** Source data follows **

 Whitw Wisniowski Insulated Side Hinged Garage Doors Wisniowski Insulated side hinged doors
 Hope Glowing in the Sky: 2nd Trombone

** End of Source data **
** Source data follows **

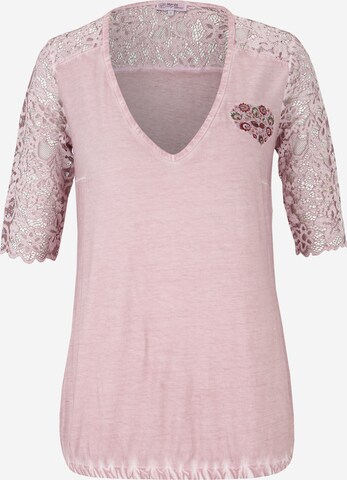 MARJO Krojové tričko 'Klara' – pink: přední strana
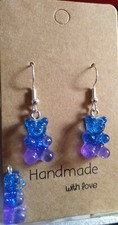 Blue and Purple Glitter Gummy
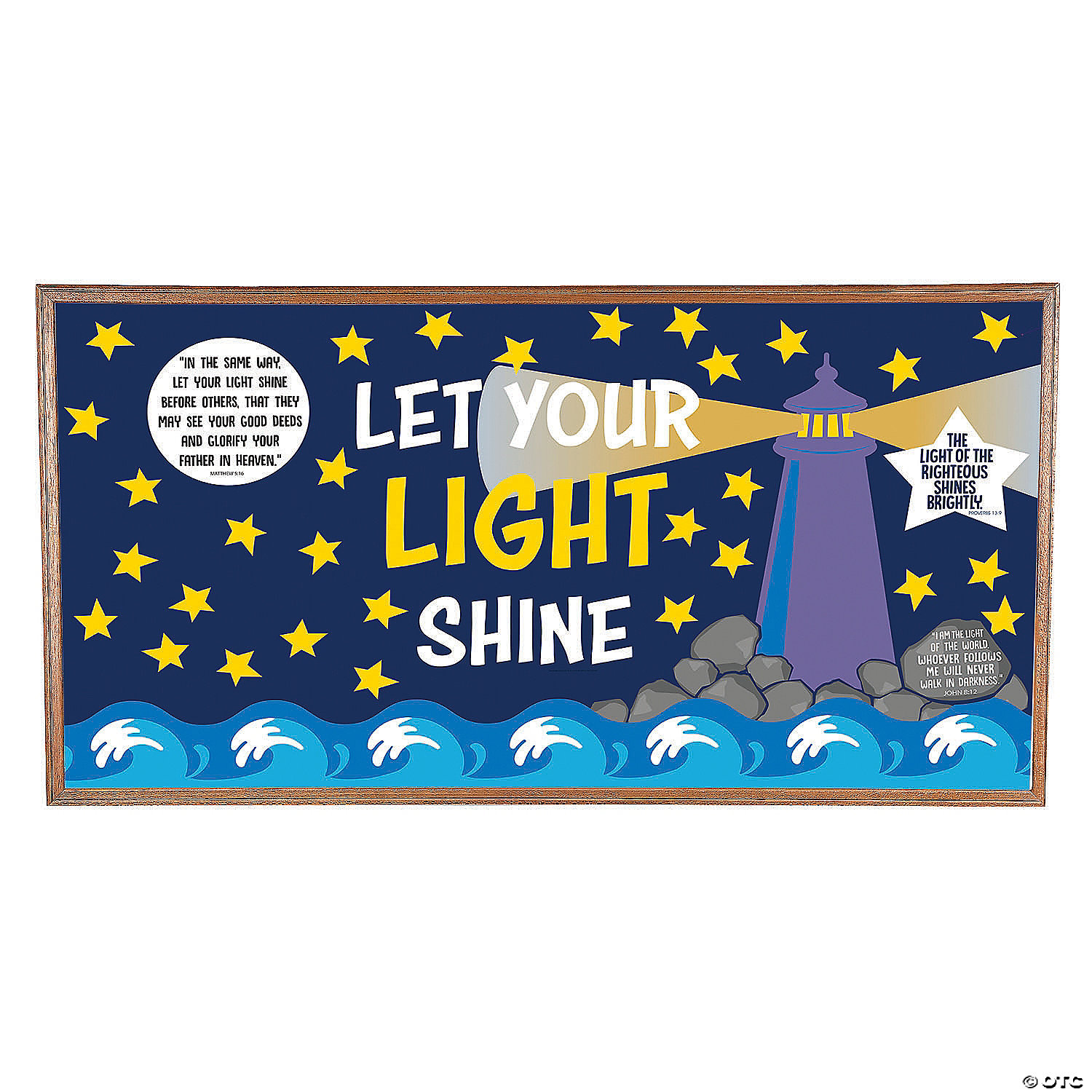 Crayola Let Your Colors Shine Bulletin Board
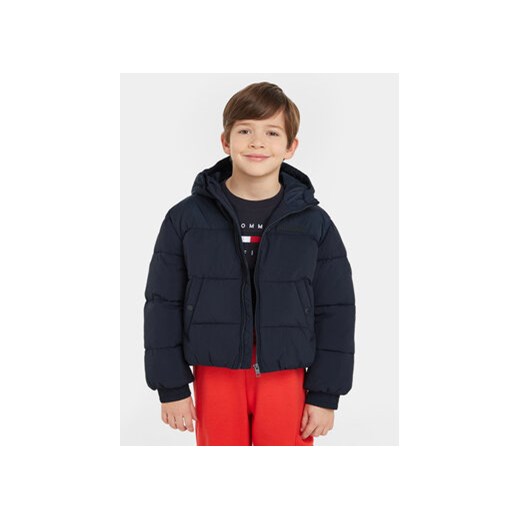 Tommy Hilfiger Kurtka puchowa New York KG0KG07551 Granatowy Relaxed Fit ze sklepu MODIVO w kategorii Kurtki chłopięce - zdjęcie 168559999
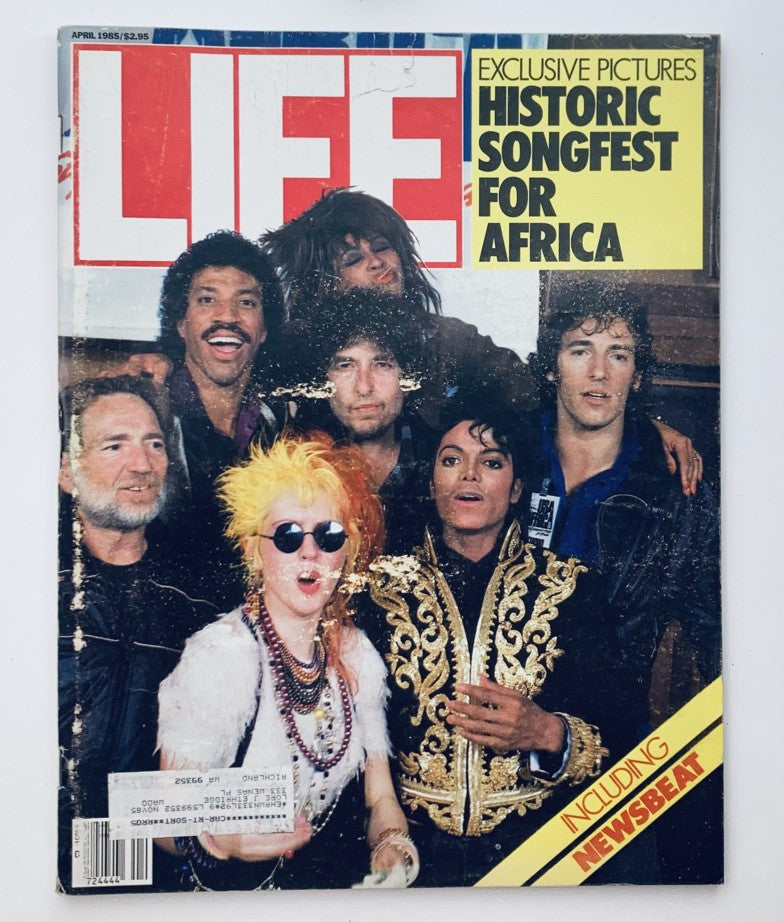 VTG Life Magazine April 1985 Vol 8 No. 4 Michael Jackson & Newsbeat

** End of Source data **

About this exercise
Could you restate word for word the lines above, from the one that contains "Whitw Wisniowski Insulated" through the one that contains "Hope Glowing in the Sky: 2nd Trombone", and no others?

Written answer
 Whitw Wisniowski Insulated Side Hinged Garage Doors Wisniowski Insulated side hinged doors
 Hope Glowing in the Sky: 2nd Trombone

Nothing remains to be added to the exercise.